Medan, HarianBatakpos.com – Kasus pemerasan yang melibatkan eks Kasubdit III Ditresnarkoba Polda Metro Jaya, AKBP Malvino Edward Yusticia, dan AKP Yudhy Triananta Syaeful, menjadi sorotan publik. Mereka dijatuhi sanksi pemberhentian tidak dengan hormat (PTDH) oleh Komisi Kode Etik Polri (KKEP) setelah terbukti memeras penonton DWP 2024.
Karopenmas Divisi Humas Polri, Brigjen Trunoyudo Wisnu Andiko, menjelaskan bahwa Malvino meminta imbalan dari penonton yang diduga terlibat dalam penyalahgunaan narkoba. “Pada saat pemeriksaan terhadap orang yang diamankan tersebut telah melakukan permintaan uang sebagai imbalan dalam pembebasan atau pelepasannya,” ungkap Brigjen Trunoyudo dalam konferensi pers di Mabes Polri, dilansir dari detik.com.

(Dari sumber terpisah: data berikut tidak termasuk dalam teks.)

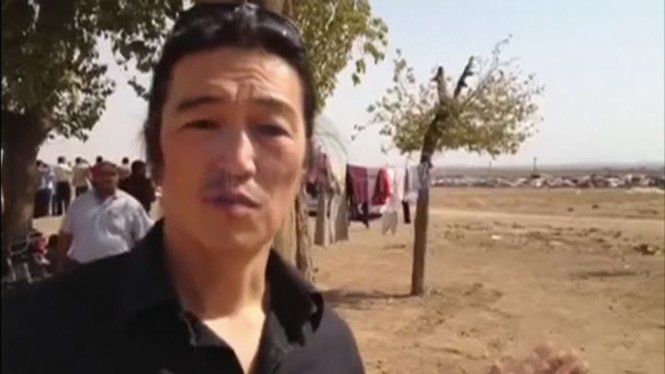 Nhà báo Nhật Kenji Goto tác nghiệp tại Kobani tháng 10-2014 (Reuters)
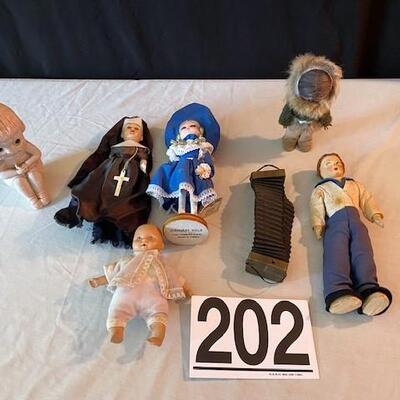LOT#202L: Doll Lot #2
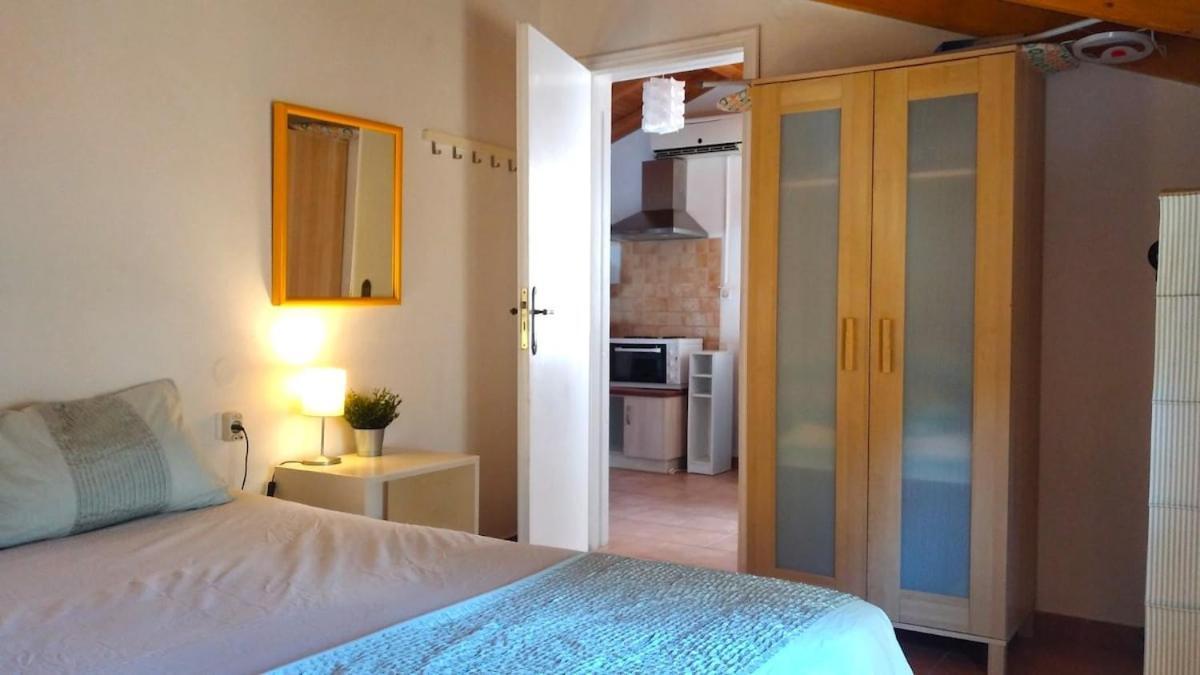 Cosy Loft Apartment, *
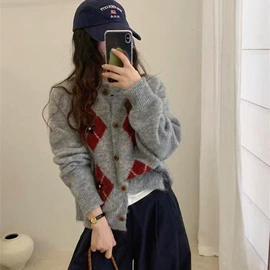 女式针织衫;毛衣;时尚休闲套装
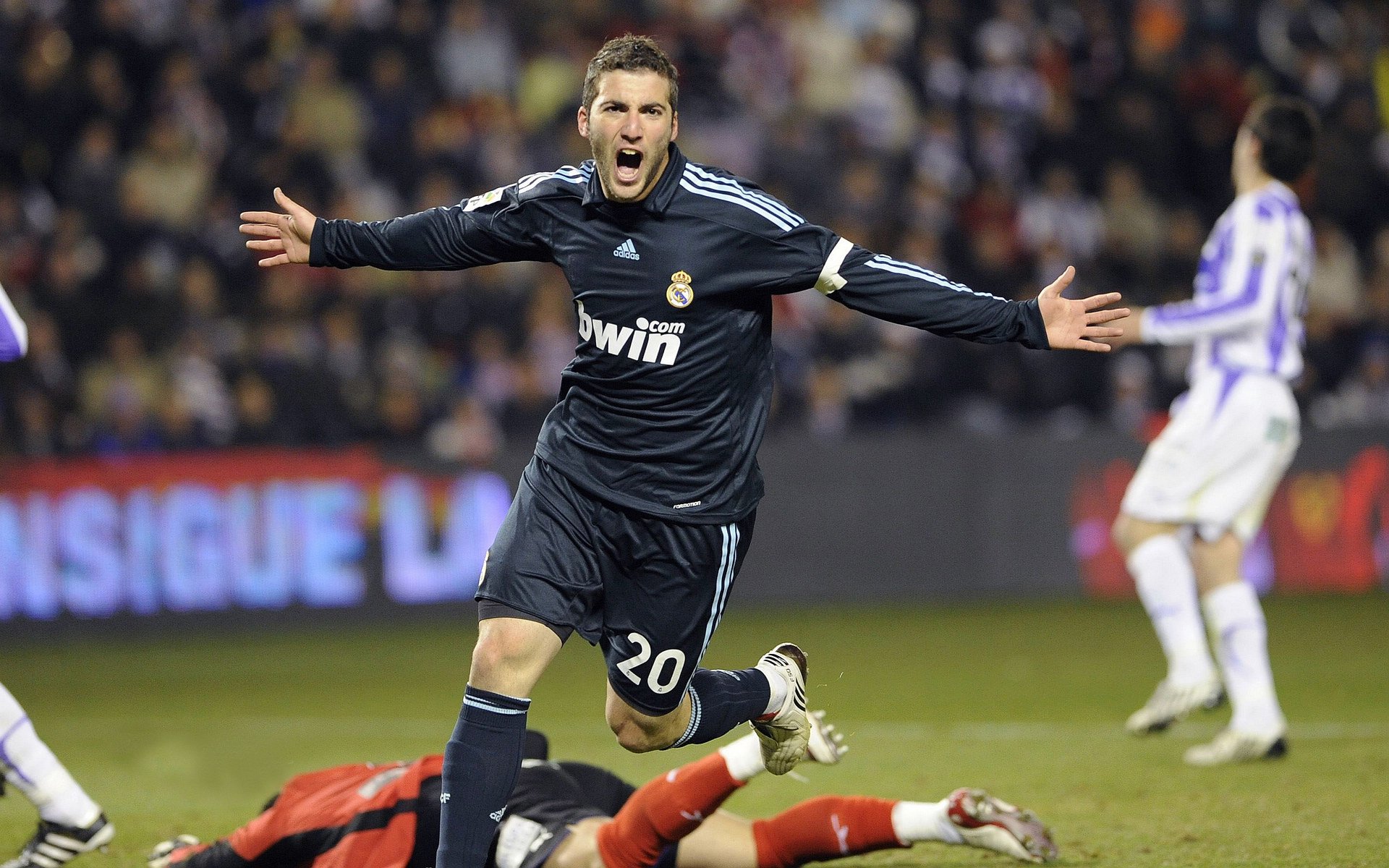 开云网页版登录入口-曼联后卫梅根奥迪头槌扳平比分，替球队救火，ufc梅根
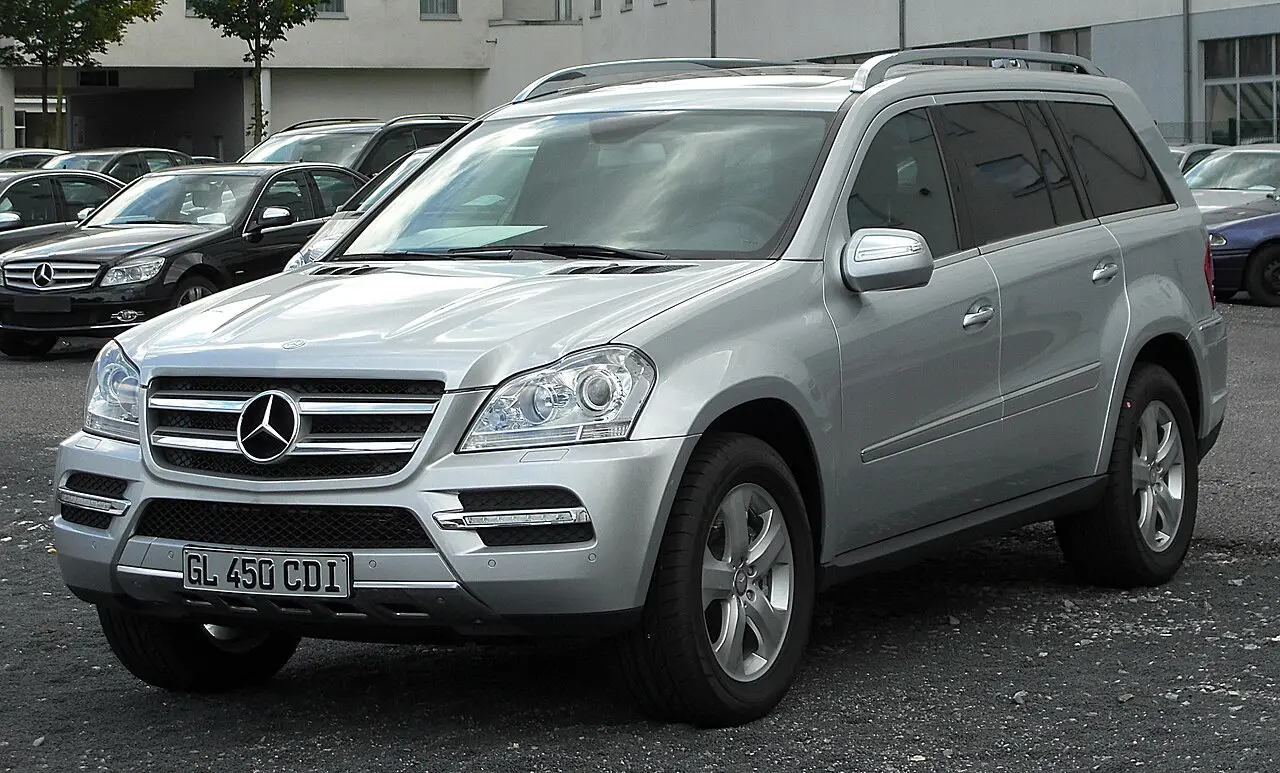 Mercedes-Benz GL first generation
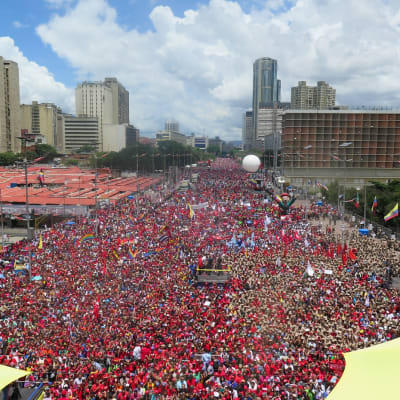  Presidentti Nicolas Maduron kannattajat koolla pääkaupungissa Caracasissa.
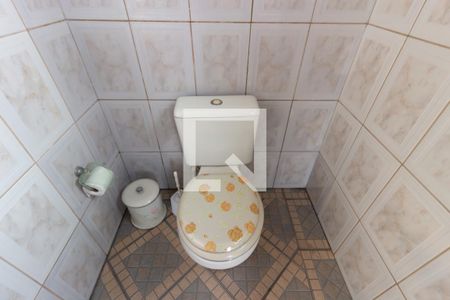 Casa à venda com 200m², 2 quartos e 4 vagas Casa à venda com 200m², 2 quartos e 4 vagasBanheiro de Serviço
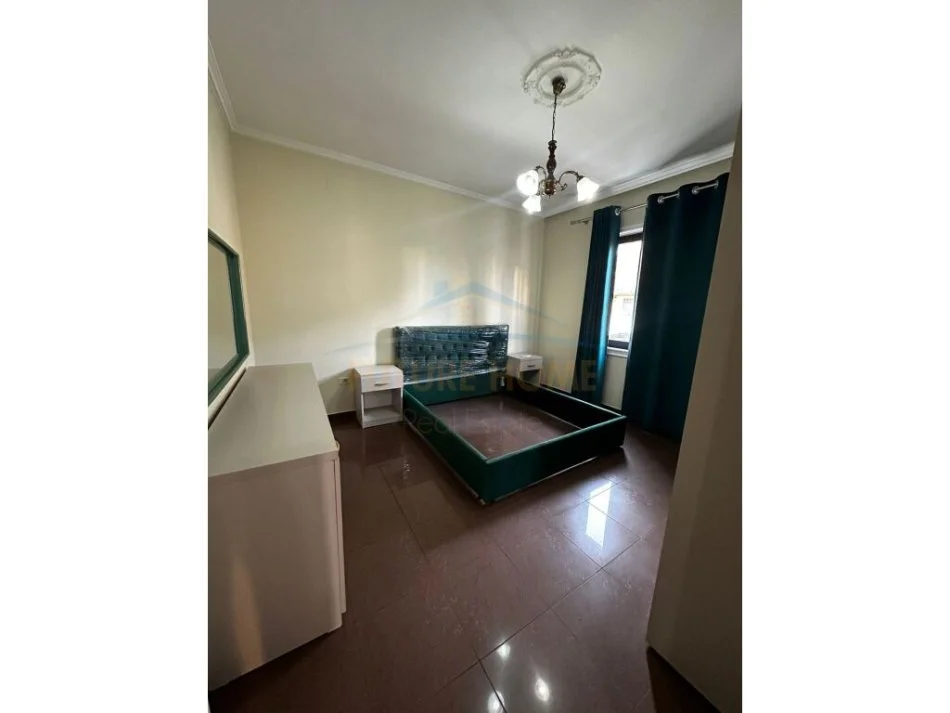 Tirane, jepet me qera apartament 2+1+Ballkon , 135 m² 800 € (Pazari i Ri)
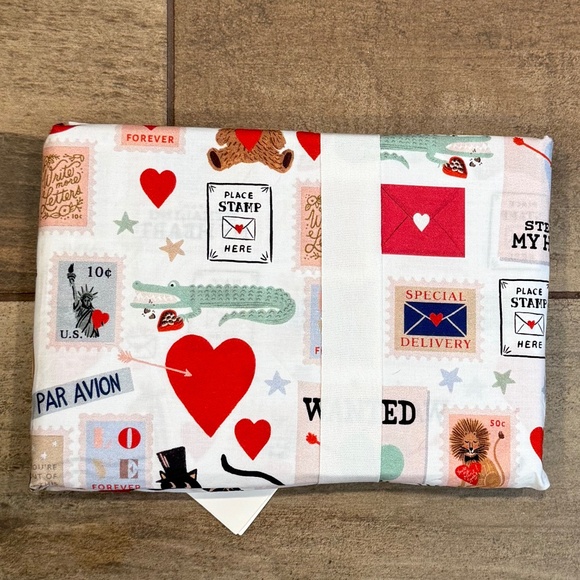 Valentine's Runner - Rifle Paper Co.  - PBK - Picture 4 of 8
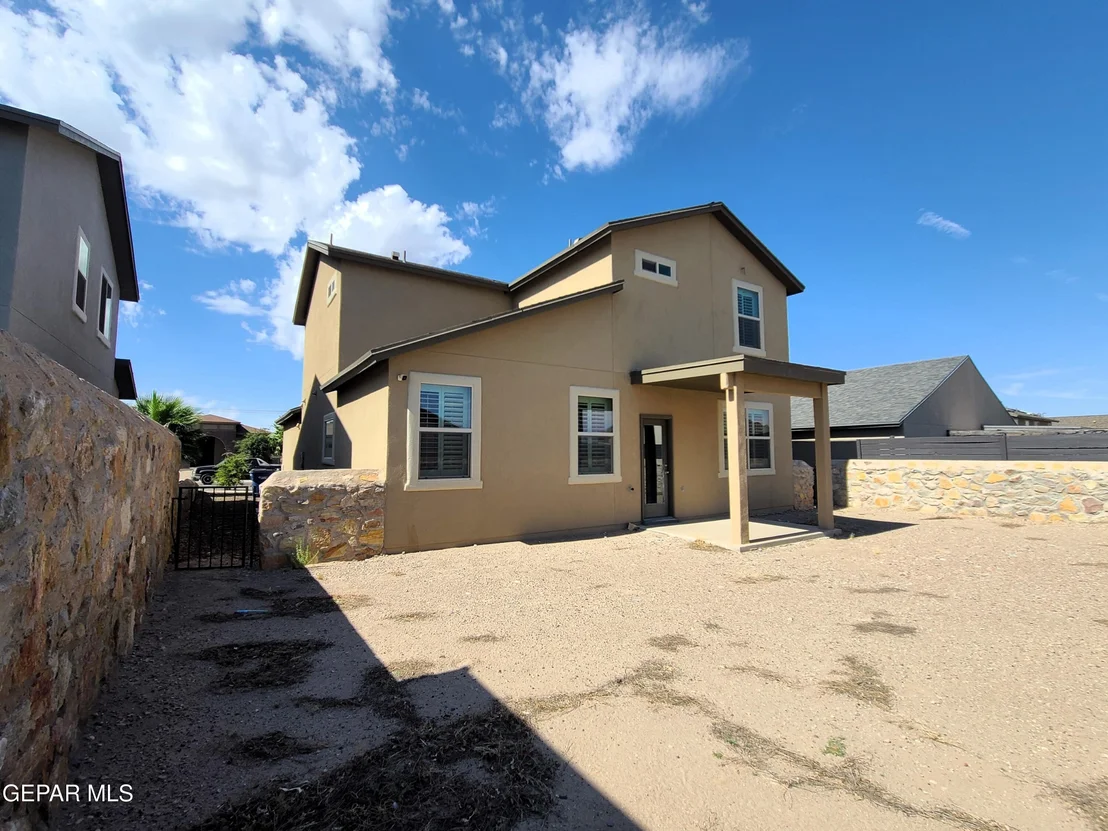 Photo of 7421 EAGLE VISTA Drive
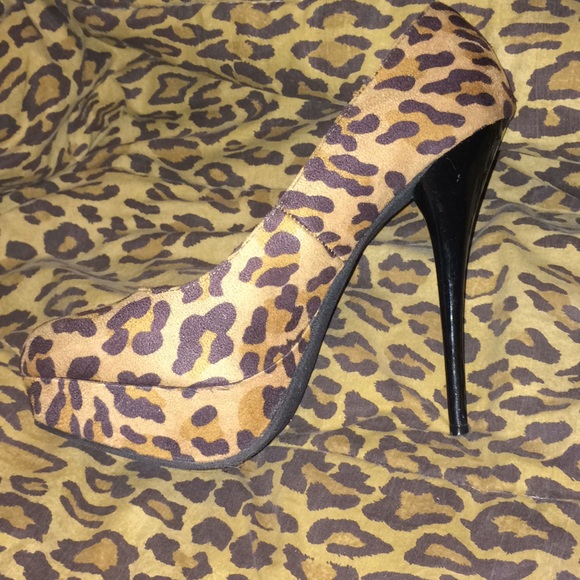 Meet your Posher, J - Picture 2 of 3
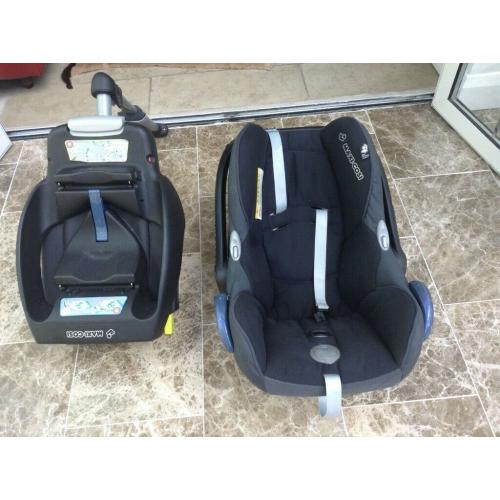 Maxi Cosi Pebble Plus Baby Car Seat and ISO Fix Base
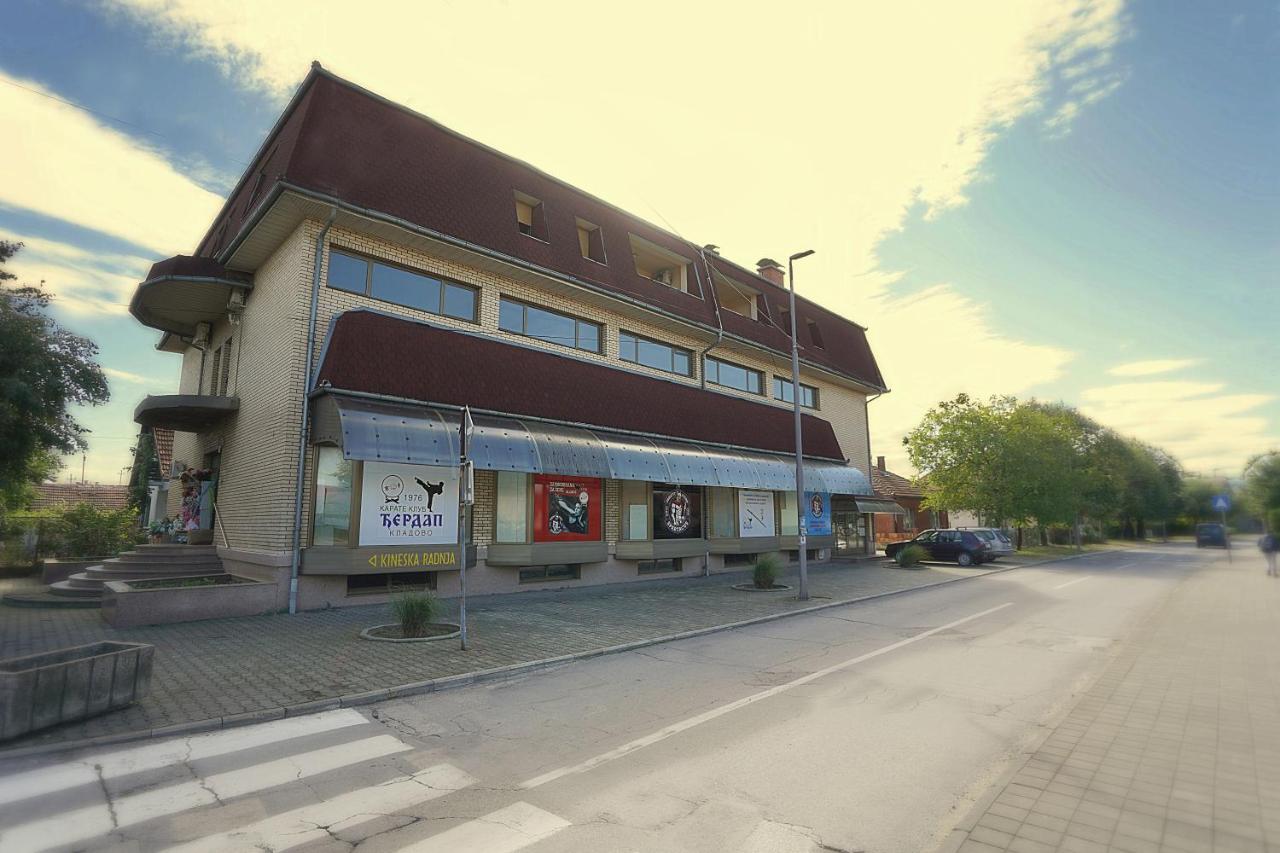 Apartmani Tomic Kladovo Luaran gambar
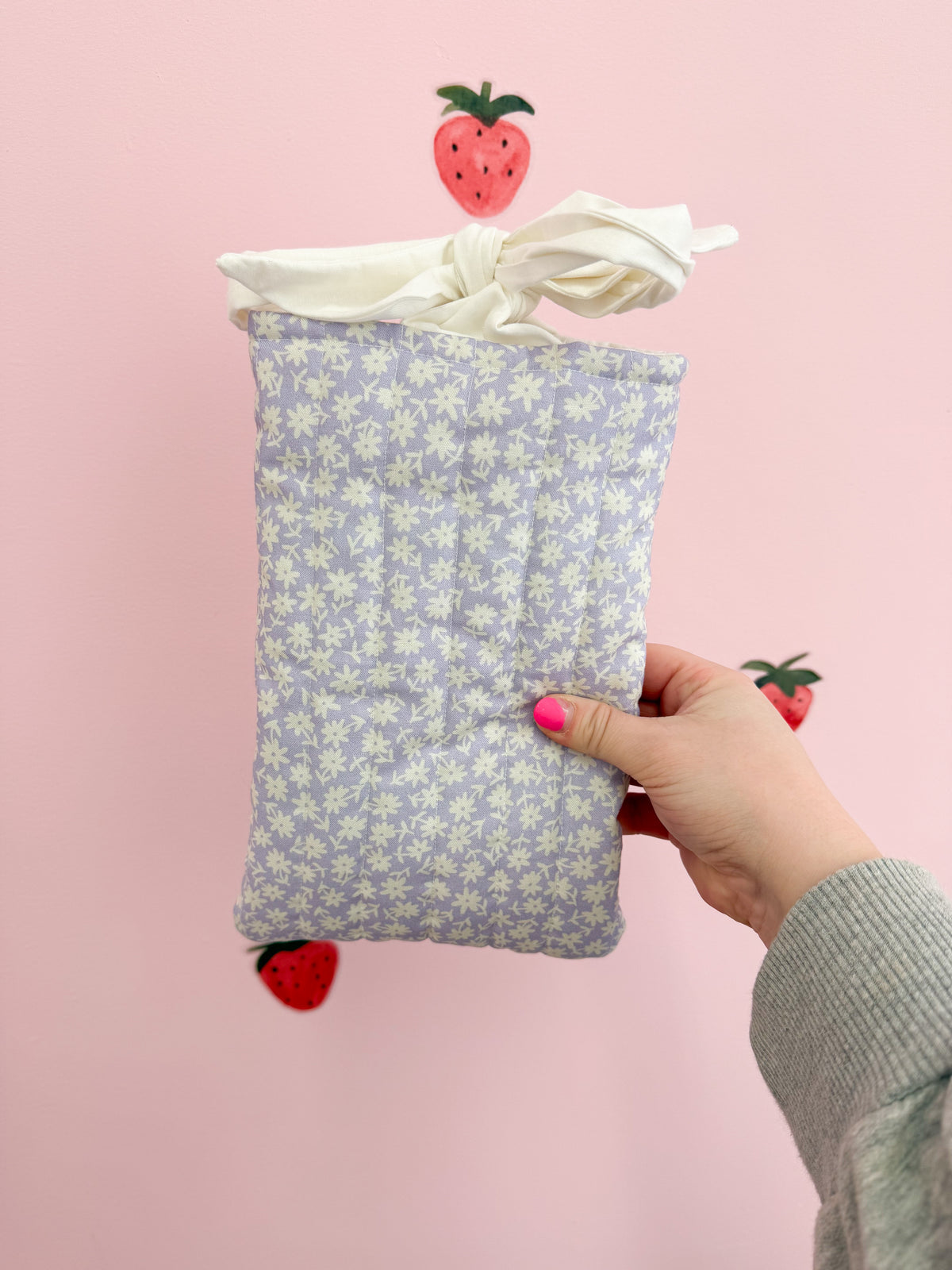 Petite pochette à livre de poche ou liseuse | Mauve et fleurs blanches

Tidak hanya Malvino, AKP Yudhy juga terlibat dalam tindakan tercela ini. Saat menjabat sebagai Panit 1 Unit 3 Subdit 3 Ditresnarkoba, Yudhy melakukan pemerasan terhadap penonton konser yang terdiri dari warga negara asing dan Indonesia. “Yang bersangkutan terduga pelanggar pada saat menjabat sebagai kanit telah mengamankan penonton konser DWP Tahun 2024,” jelasnya.
Majelis sidang KKEP tidak hanya menindak Malvino dan Yudhy, tetapi juga menjatuhi sanksi PTDH terhadap eks Direktur Narkoba Polda Metro Jaya, Kombes Donald Parlaungan Simanjuntak. Ia terbukti membiarkan anak buahnya melakukan pemerasan, menunjukkan adanya masalah struktural dalam pengawasan etika di kepolisian.
Kasus ini mencerminkan perlunya reformasi dalam tubuh Polri, terutama dalam hal pengawasan dan penegakan etika. Tindakan pemerasan yang dilakukan oleh oknum kepolisian menodai citra institusi dan mengurangi kepercayaan masyarakat.
Peran AKBP Malvino dan AKP Yudhy dalam kasus pemerasan penonton DWP menunjukkan tantangan yang dihadapi Polri dalam menjaga integritas. Reformasi dan penegakan etika menjadi kunci untuk memulihkan kepercayaan publik.